Everyone’s favorite re-election campaign tries to have it’s divisive, discriminatory social agenda and eat it too:

In a political season marked by Republican efforts to outlaw gay marriage, Vice President Dick Cheney on Tuesday offered a defense of the rights of gay Americans, declaring that “freedom means freedom for everyone” to enter “into any kind of relationship they want to.” Mr. Cheney said the issue was what kind of government recognition to give those relationships, and indicated that he preferred to let the states define what constitutes a marriage. In contrast, President Bushhas argued that a federal constitutional amendment banning gay marriage is essential. Mr. Cheney noted that Mr. Bush sets policy for the administration. In unusually personal remarks on the issue, delivered at a campaign forum in Davenport, Iowa, the vice president referred to his daughter, Mary, who is a lesbian, saying that he and his wife “have a gay daughter, so it’s an issue our family is very familiar with.” He added, according to a transcript of his remarks, provided by the White House, “We have two daughters, and we have enormous pride in both of them.”

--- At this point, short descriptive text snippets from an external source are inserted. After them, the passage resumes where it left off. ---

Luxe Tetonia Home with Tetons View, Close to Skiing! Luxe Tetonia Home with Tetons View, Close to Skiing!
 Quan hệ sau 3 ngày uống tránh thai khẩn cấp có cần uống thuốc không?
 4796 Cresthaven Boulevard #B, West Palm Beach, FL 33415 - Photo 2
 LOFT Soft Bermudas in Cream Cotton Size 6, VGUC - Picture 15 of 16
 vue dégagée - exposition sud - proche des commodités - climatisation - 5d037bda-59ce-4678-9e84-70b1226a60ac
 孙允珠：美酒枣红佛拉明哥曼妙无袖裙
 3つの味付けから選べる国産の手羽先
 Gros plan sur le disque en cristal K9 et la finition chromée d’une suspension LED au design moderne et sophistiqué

He spoke on the same day that a draft version of the Republican platform was distributed to convention delegates that declared, “We strongly support President Bush’s call for a constitutional amendment that fully protects marriage.” The draft platform added, “Attempts to redefine marriage in a single city or state could have serious consequences throughout the country, and anything less than a constitutional amendment, passed by Congress and ratified by the states, is vulnerable to being overturned by activist judges.” Gay rights advocates immediately accused the Bush administration of trying to have it both ways, reaching out to moderate voters one week before the party’s convention in New York, after months of advocating a constitutional amendment that was a key goal of social conservatives. “President Bush must be feeling the heat,” Cheryl Jacques, president of the Human Rights Campaign, a gay rights group, said in a statement. “Millions of Republican families, like the Cheneys, have gay friends and family members and are offended by President Bush’s efforts to put discrimination in the Constitution,” Ms. Jacques said. A leading group of social conservatives, the Family Research Council, indicated it was disappointed at the “mixed messages” from the administgation. Anne Womack, Mr. Cheney’s campaign press secretary, said Mr. Cheney’s position had not changed.